What's the worse crime; Necromancy or Cloning? Guess I'll just go for raising the dead at the moment...
So I've had my eye half-on this for a while now, and ended up picking it up on a whim a couple days ago to give it a go. Early game's been fun enough, what with not knowing how anything fits together in the slightest, and I'm now some 160 turns in to my Very Easy Please Don't Hurt Me first game.
And it's been... Well, a bit odd. I'm having a very hard time cracking the combat code, which I understand is a bit tricky for most new players. As befitting a dark lord of evil and conquest, most of my income is from selling excess copper and silver from my mines, as it was only after turn 100+ I discovered my first real settlements, those belonging to the nearest neighboring warlord. I've since conquered them, but apparently being an evil overlord of orcs and goblins means that there's a +20 culture clash when dealing with these populations of... Evil goblins. I dunno.
The warlord himself was a completely ineffectual pushover, sending out paltry scouting forces of paper-thin units. The
real enemy has been the multiple orcish hordes populating the southern reaches of the map, each one pumping out armies of these nonsense wolf-bow-axe-fireball chariots that do kinda ridiculous amounts of damage. Haven't found a particularly good counter yet, other than just slamming into them with overwhelming force and eating the hits necessary to catch up to them and bring them down.
Unit design is also... Curious. Some of the native troop configurations show up with things that need 2.58 gold and 0.28 food upkeep, while actually somehow being able to afford clothes. If I were to put the same thing together in the custom designer, the minimum upkeep would be several times higher. I can sorta see where that mechanic is coming from, but... Still.

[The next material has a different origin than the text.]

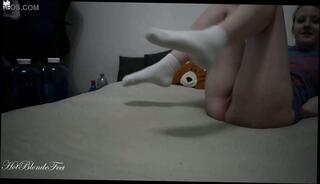 Video 1665493875: sexy feet legs, sexy blonde feet, womens feet, amateur feet, vagina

I'm still trying to work out what are effective unit configurations, but so far the most efficient troops I've put together have actually been the nudist skirmserkers. Which I definitely wasn't expecting, given that I'd designed them to be the cheapest cannon fodder I could create that still carried a weapon around.
Overall, I do think the game's interesting, and I can see the
potential for some awesome stories to grow from the mechanics involved... But at the same time, it's just so horrifically bogged down in menus, bloated resource systems and fiddly micromanagement that rather detracts from the power fantasy of being some ultimately powerful master of the magical arts.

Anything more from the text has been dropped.